(TASK OBJECTIVE): Please transcribe the lines below exactly, and leave every image behind.

(DATA EXTRACT):
_ _ _

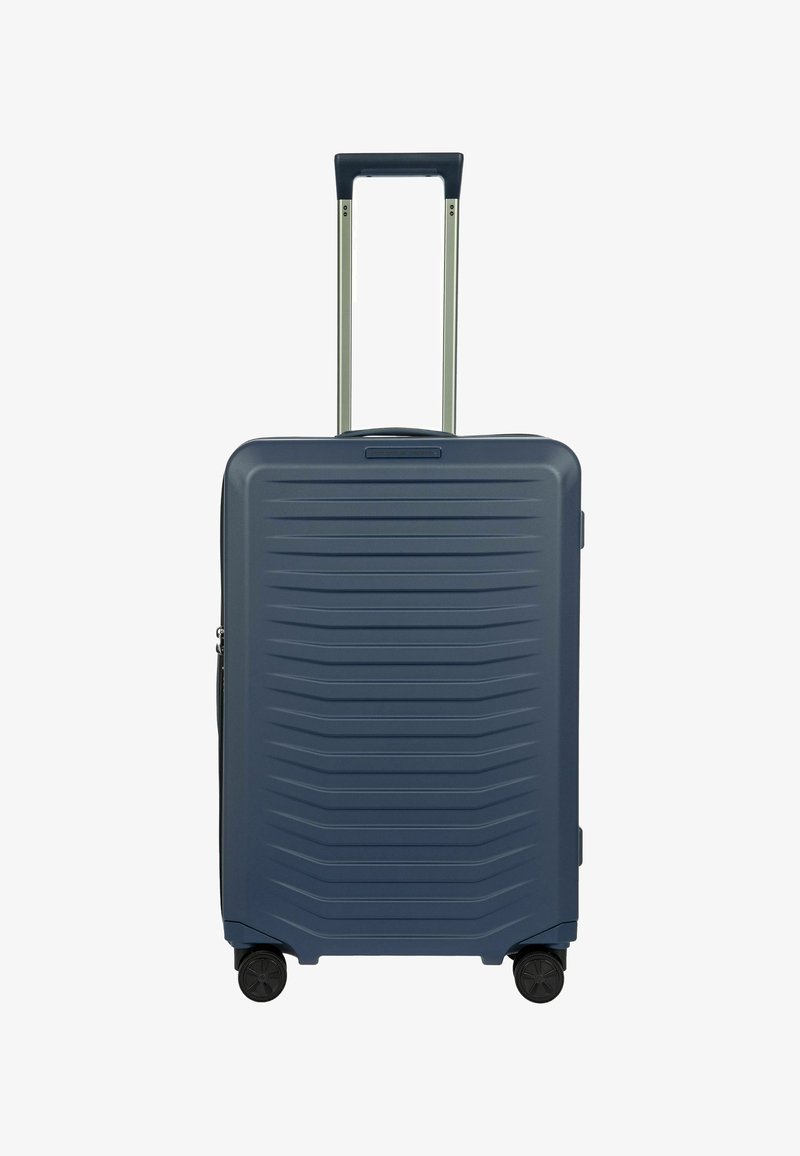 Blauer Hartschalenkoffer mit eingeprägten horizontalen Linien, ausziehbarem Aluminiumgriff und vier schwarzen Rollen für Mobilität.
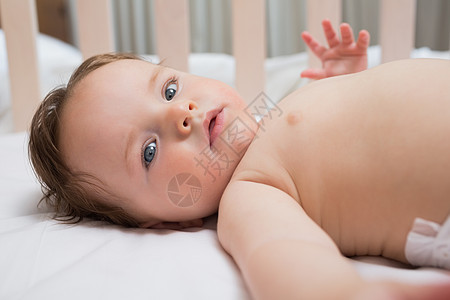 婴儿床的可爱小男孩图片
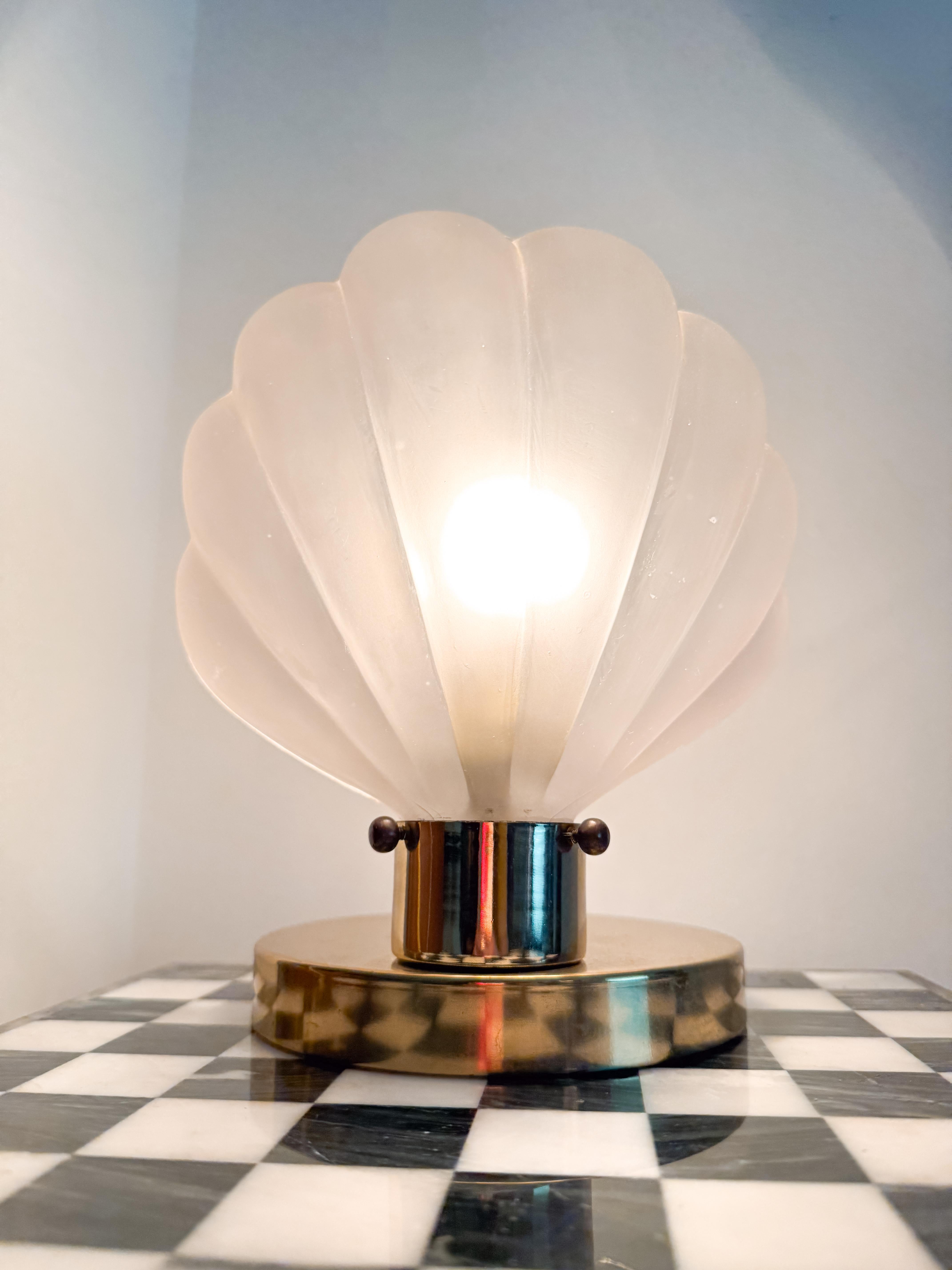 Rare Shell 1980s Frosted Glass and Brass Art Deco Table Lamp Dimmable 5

_ _ _

(EXPECTED ANSWER):
 Blauer Hartschalenkoffer mit eingeprägten horizontalen Linien, ausziehbarem Aluminiumgriff und vier schwarzen Rollen für Mobilität.
 婴儿床的可爱小男孩图片
 Rare Shell 1980s Frosted Glass and Brass Art Deco Table Lamp Dimmable 5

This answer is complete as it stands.